Michael Ford
Employment & Labour, Legal Suppliers

Federal government signals crackdown on tax loopholes

Any efforts the federal government makes to close tax loopholes will have a big impact on small businesses, including lawyers and doctors, says INTEGRIS Pension Management Corp. co-founder and CEO Jean-Pierre Laporte.

The federal budget tabled on March 22 hinted Ottawa would be targeting tax measures deemed to give an unfair advantage to high-income Canadians who use private corporations.

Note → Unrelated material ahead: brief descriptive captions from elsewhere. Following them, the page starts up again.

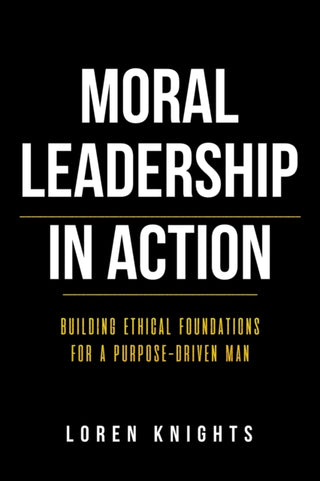 Cover image for 9781037110368 - Moral Leadership in Action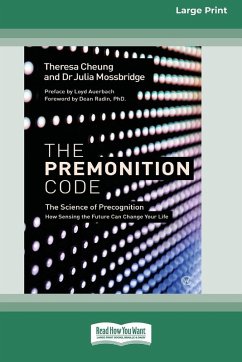 The Premonition Code (Large Print 16 Pt Edition) - Cheung, Theresa; Mossbridge, Julia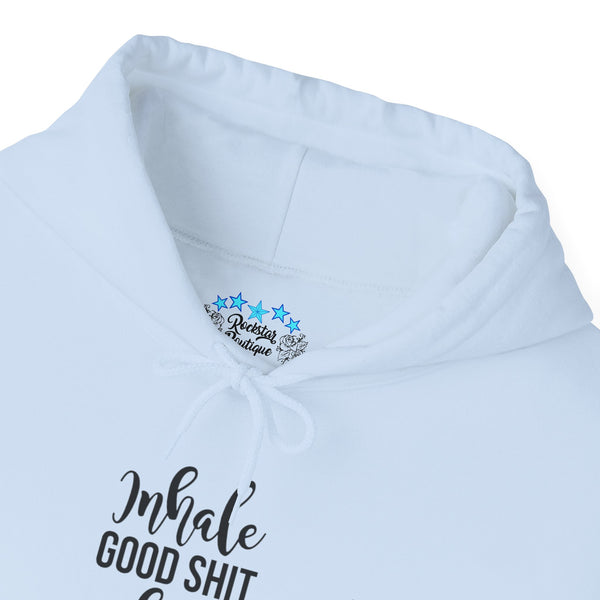 Hoodie - "Inhale Good Shit Exhale Bullshit" Funny Yoga Relaxation Pullover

In the crosshairs appears to be income sprinkling via corporations, holding passive investment portfolios inside a corporation, and converting its regular income into capital gains.

The federal government intends to release a discussion paper in the near future about its view of those tax rules and policy responses, reports the Globe and Mail.

"It's almost as if the government wants to increase the tax rate on small business owners by disallowing certain accommodations the law currently provides," Laporte tells AdvocateDaily.com.

"The bigger question from a public policy point of view is: will it be good politics to go after professionals and business owners who are creating jobs for other people and penalizing them for being successful and earning more than the average person?"

Laporte says when the government adopted the concept of a small business tax rate that's lower than regular corporate or personal tax, it was to encourage entrepreneurs "to get off the ground, hire people and produce widgets." 

He explains that under income sprinkling, earnings left within a company are taxed at a lower rate than when they're withdrawn and subject to the personal income rate.

"So, there's a massive deferral of taxes that takes place," Laporte explains. "Of course the accountants, when they're looking at the law, say, 'You have a choice, you can take $1 million in salary and bonus and pay half to the government, or you can only take what you need to live and the rest will stay inside the corporation and be invested.’”

Laporte wonders if the federal government will impose conditions on small businesses similar to Quebec where incorporated professionals with less than three employees pay the higher provincial corporate tax.

"If you are a professional who has incorporated and you have less than three employees on the payroll, Quebec denies you the ability to be taxed at the lower active business rate," he says. "You have to pay the same tax as every other corporation, so Quebec has already moved forward in dealing with this perceived loophole — at least insofar as provincial corporate tax is concerned."

However, Personal Pension Plans, or PPPs — registered plans for incorporated professionals and owner-operators of businesses — could be could be used as both protection and to reduce their tax burden in an era when governments are trying to squeeze more corporate tax dollars from businesses.

"So essentially these individualized pension plans give professionals access to the same type of program they would have if they were a part of a larger corporation or the civil service," Laporte says.

He says a PPP allows people to build larger retirement funds than what is possible with an RRSP. There are also greater tax benefits.

"So not only do you have more money to retire on than if you had stayed in an RRSP, but you also get tax assistance in the process," Laporte says.